Implementation of proper input validation and sanitization to prevent host header injection
import javax.servlet.http.HttpServletRequest;
import javax.servlet.http.HttpServletResponse;
import java.io.IOException;
public class VulnerableServlet extends javax.servlet.http.HttpServlet {
protected void doGet(HttpServletRequest request, HttpServletResponse response) throws IOException {
String server = request.getHeader("Host");
response.sendRedirect("http://"+server+"/login");
}
}
This code is a simple servlet that processes GET requests. The
doGet method retrieves the
Host header from the incoming HTTP request and uses it to form a URL for a redirect.
The vulnerability lies in the
doGet method. It takes the value of the
Host header from the incoming HTTP request and uses it directly to form a URL for a redirect. This is a problem because the
Host header can be manipulated by an attacker.
An attacker can send a request with a malicious
Host header. The application will then redirect the user to the malicious site. This could be used for phishing attacks, where the malicious site is designed to look like the original site and trick the user into entering their credentials.
This is a classic case of "Lack of data validation". The application is trusting user input (in this case, the
Host header) without validating it.
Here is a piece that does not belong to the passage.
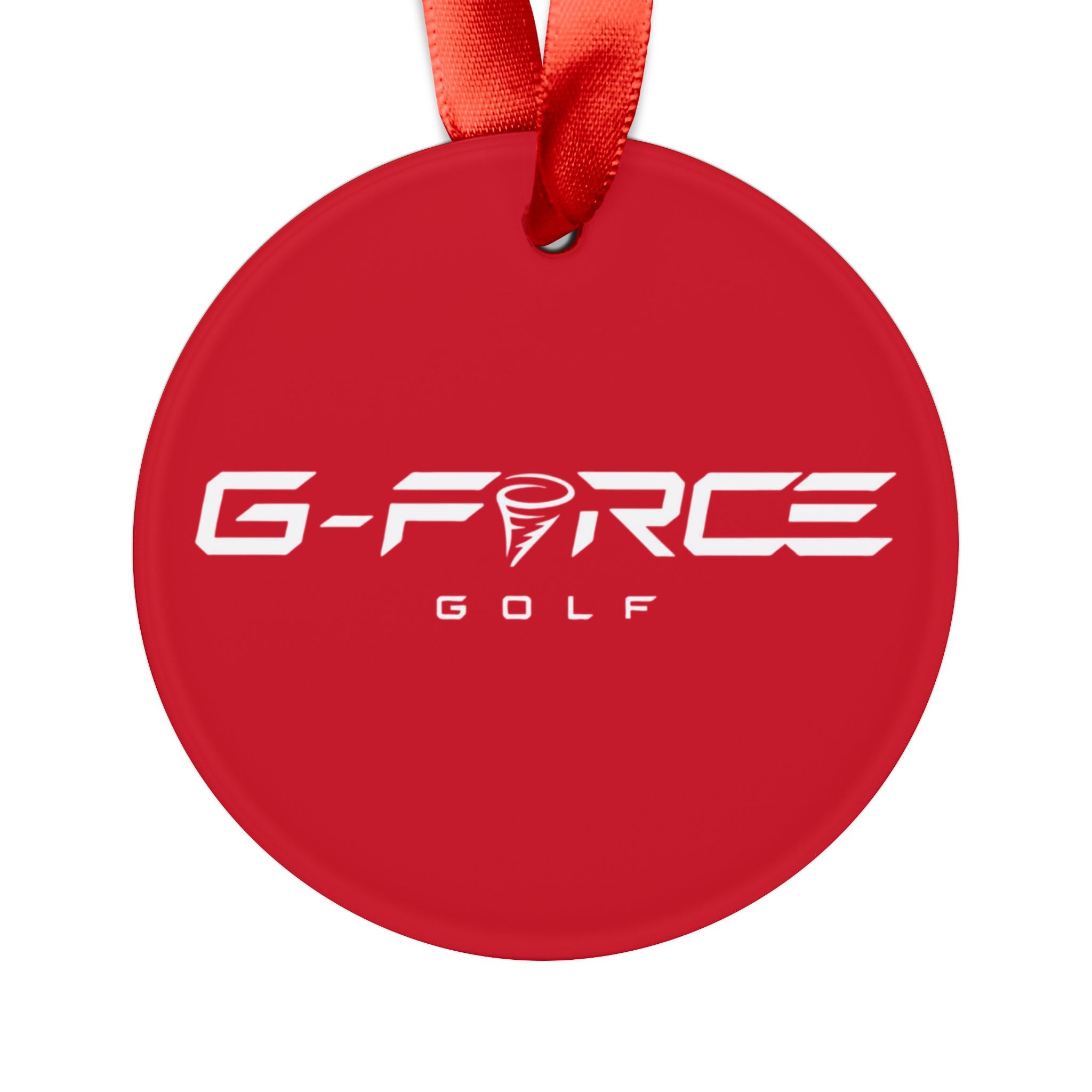 G-Force Acrylic Ornament with Ribbon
Any time you use user input in a sensitive operation like forming a URL for a redirect, you should validate the input to ensure it's safe to use.
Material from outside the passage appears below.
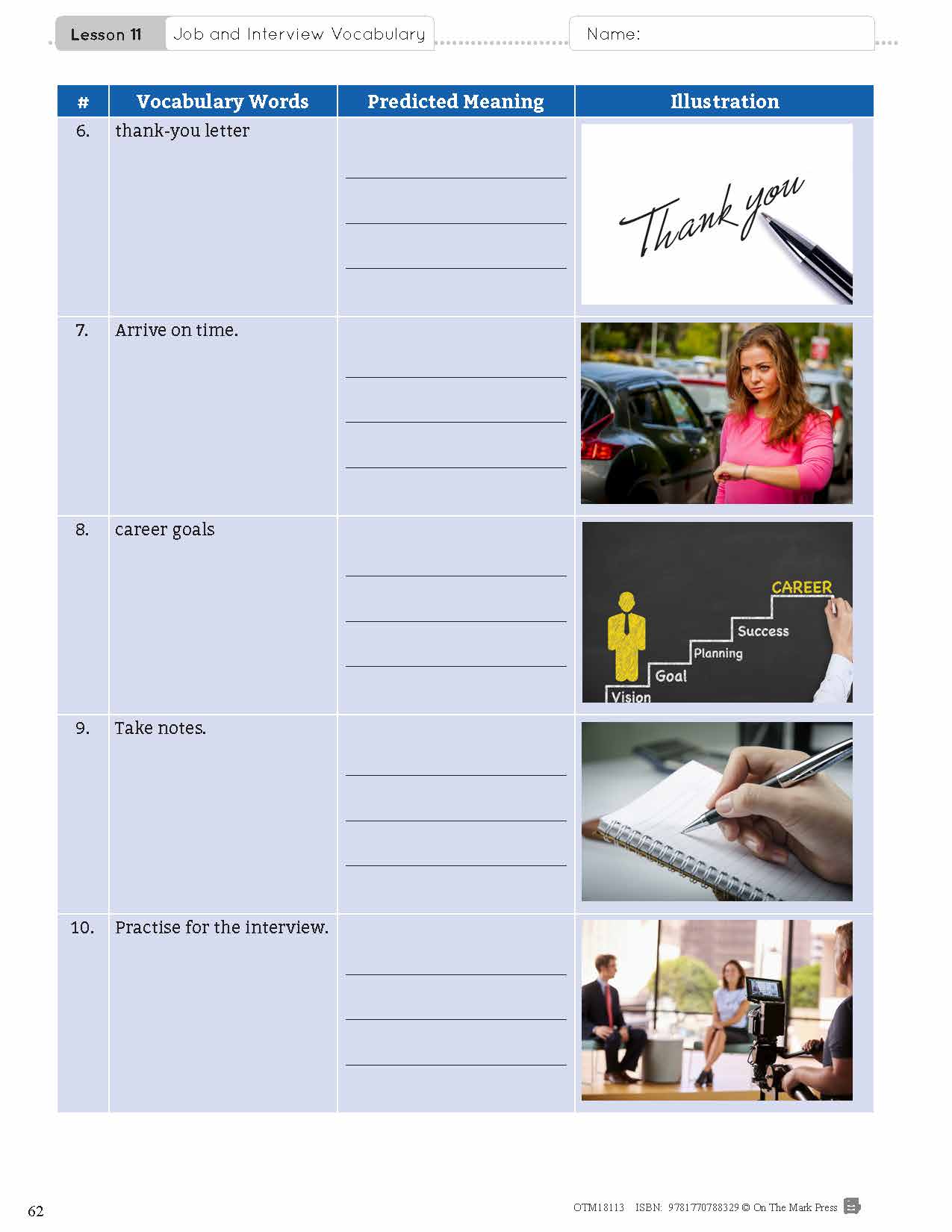 ESL - Vocabulary Development for Intermediate Students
import javax.servlet.http.HttpServletRequest;
import javax.servlet.http.HttpServletResponse;
import java.io.IOException;
import java.util.Arrays;
import java.util.List;
public class SecureServlet extends javax.servlet.http.HttpServlet {
private static final List WHITELISTED_DOMAINS = Arrays.asList("example.com", "example2.com");
protected void doGet(HttpServletRequest request, HttpServletResponse response) throws IOException {
String server = request.getHeader("Host");
if (isValidDomain(server)) {
response.sendRedirect("http://" + server + "/login");
} else {
response.sendError(HttpServletResponse.SC_BAD_REQUEST, "Invalid Host Header");
}
}
private boolean isValidDomain(String domain) {
return WHITELISTED_DOMAINS.contains(domain);
}
}
The above code fixes the Host Header Injection vulnerability by implementing input validation on the 'Host' header.
The
isValidDomain method checks if the 'Host' header value is in the list of whitelisted domains. If the domain is not in the whitelist, the method returns false, and the servlet responds with a 400 Bad Request error. This approach ensures that only trusted domains are allowed, effectively preventing Host Header Injection attacks.
The
WHITELISTED_DOMAINS list contains the domains that are considered safe. This list should be updated according to your application's requirements.
This solution also implements proper error handling. If an attacker tries to manipulate the 'Host' header, the application will respond with an error, making it easier to detect and mitigate potential attacks.
Remember, it's always a good practice to use a secure redirect mechanism that does not rely solely on the 'Host' header. This code is a step in the right direction, but it's not a complete solution. Always consider other security measures in your application.